Harvard Medical School, Boston, Massachusetts.
JAMA. 2023 Apr 25;329(16):1386-1398. doi: 10.1001/jama.2023.5444.
Pituitary adenomas are neoplasms of the pituitary adenohypophyseal cell lineage and include functioning tumors, characterized by the secretion of pituitary hormones, and nonfunctioning tumors. Clinically evident pituitary adenomas occur in approximately 1 in 1100 persons.
Pituitary adenomas are classified as either macroadenomas (≥10 mm) (48% of tumors) or microadenomas (<10 mm). Macroadenomas may cause mass effect, such as visual field defects, headache, and/or hypopituitarism, which occur in about 18% to 78%, 17% to 75%, and 34% to 89% of patients, respectively. Thirty percent of pituitary adenomas are nonfunctioning adenomas, which do not produce hormones. Functioning tumors are those that produce an excess of normally produced hormones and include prolactinomas, somatotropinomas, corticotropinomas, and thyrotropinomas, which produce prolactin, growth hormone, corticotropin, and thyrotropin, respectively. Approximately 53% of pituitary adenomas are prolactinomas, which can cause hypogonadism, infertility, and/or galactorrhea. Twelve percent are somatotropinomas, which cause acromegaly in adults and gigantism in children, and 4% are corticotropinomas, which secrete corticotropin autonomously, resulting in hypercortisolemia and Cushing disease. All patients with pituitary tumors require endocrine evaluation for hormone hypersecretion. Patients with macroadenomas additionally require evaluation for hypopituitarism, and patients with tumors compressing the optic chiasm should be referred to an ophthalmologist for formal visual field testing. For those requiring treatment, first-line therapy is usually transsphenoidal pituitary surgery, except for prolactinomas, for which medical therapy, either bromocriptine or cabergoline, is usually first line.

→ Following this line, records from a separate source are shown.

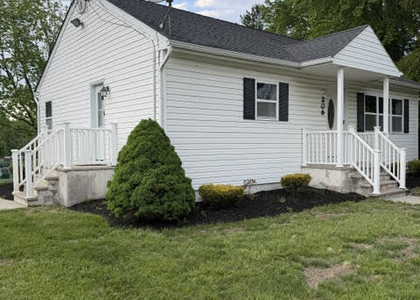 206 Taylors Mills Road - Photo 1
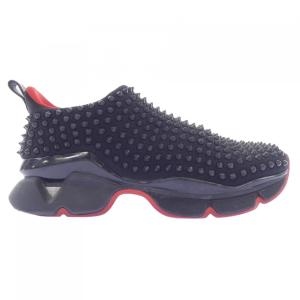 クリスチャンルブタン CHRISTIAN LOUBOUTIN スニーカー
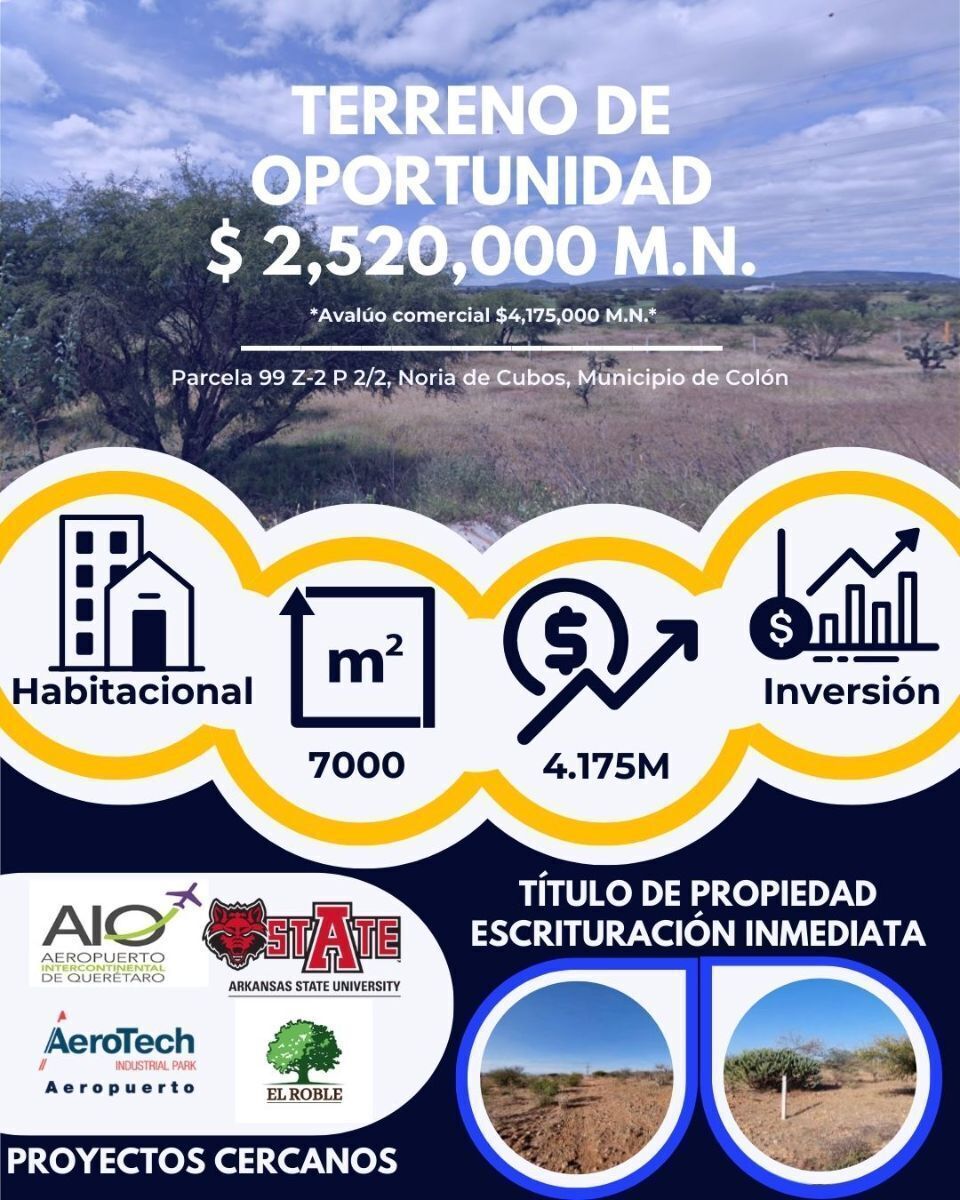 Imagen 1 de 6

Clinically manifest pituitary adenomas affect approximately 1 in 1100 people and can be complicated by syndromes of hormone excess as well as visual field defects and hypopituitarism from mass effect in larger tumors. First-line therapy for prolactinomas consists of bromocriptine or cabergoline, and transsphenoidal pituitary surgery is first-line therapy for other pituitary adenomas requiring treatment.
垂体腺瘤是垂体腺垂体细胞谱系的肿瘤,包括功能性肿瘤(其特征为分泌垂体激素)和无功能性肿瘤。临床上明显的垂体腺瘤在大约每1100人中就有1例发生。

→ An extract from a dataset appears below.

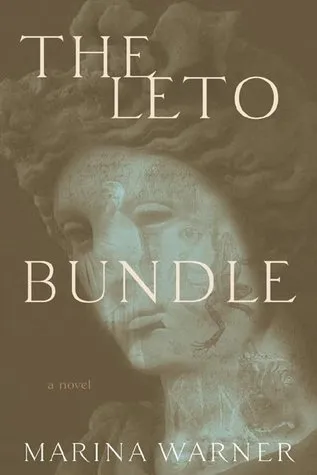 The Leto Bundle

垂体腺瘤分为大腺瘤(≥10毫米)(占肿瘤的48%)或微腺瘤(<10毫米)。大腺瘤可能会引起占位效应,如视野缺损、头痛和/或垂体功能减退,分别发生在约18%至78%、17%至75%和34%至89%的患者中。30%的垂体腺瘤是无功能性腺瘤,不产生激素。功能性肿瘤是那些产生过量正常分泌激素的肿瘤,包括催乳素瘤、生长激素瘤、促肾上腺皮质激素瘤和促甲状腺激素瘤,它们分别产生催乳素、生长激素、促肾上腺皮质激素和促甲状腺激素。大约53%的垂体腺瘤是催乳素瘤,可导致性腺功能减退、不孕和/或溢乳。12%是生长激素瘤,在成人中导致肢端肥大症,在儿童中导致巨人症,4%是促肾上腺皮质激素瘤,自主分泌促肾上腺皮质激素,导致皮质醇增多症和库欣病。所有垂体肿瘤患者都需要进行内分泌评估以检测激素分泌过多情况。大腺瘤患者还需要评估垂体功能减退情况,而肿瘤压迫视交叉的患者应转诊至眼科医生处进行正式的视野测试。对于那些需要治疗的患者,除催乳素瘤外,一线治疗通常是经蝶窦垂体手术,催乳素瘤的一线治疗通常是药物治疗,即溴隐亭或卡麦角林。
临床上明显的垂体腺瘤影响约每1100人中的1人,可能并发激素分泌过多综合征以及大肿瘤占位效应导致的视野缺损和垂体功能减退。催乳素瘤的一线治疗包括溴隐亭或卡麦角林,经蝶窦垂体手术是其他需要治疗的垂体腺瘤的一线治疗方法。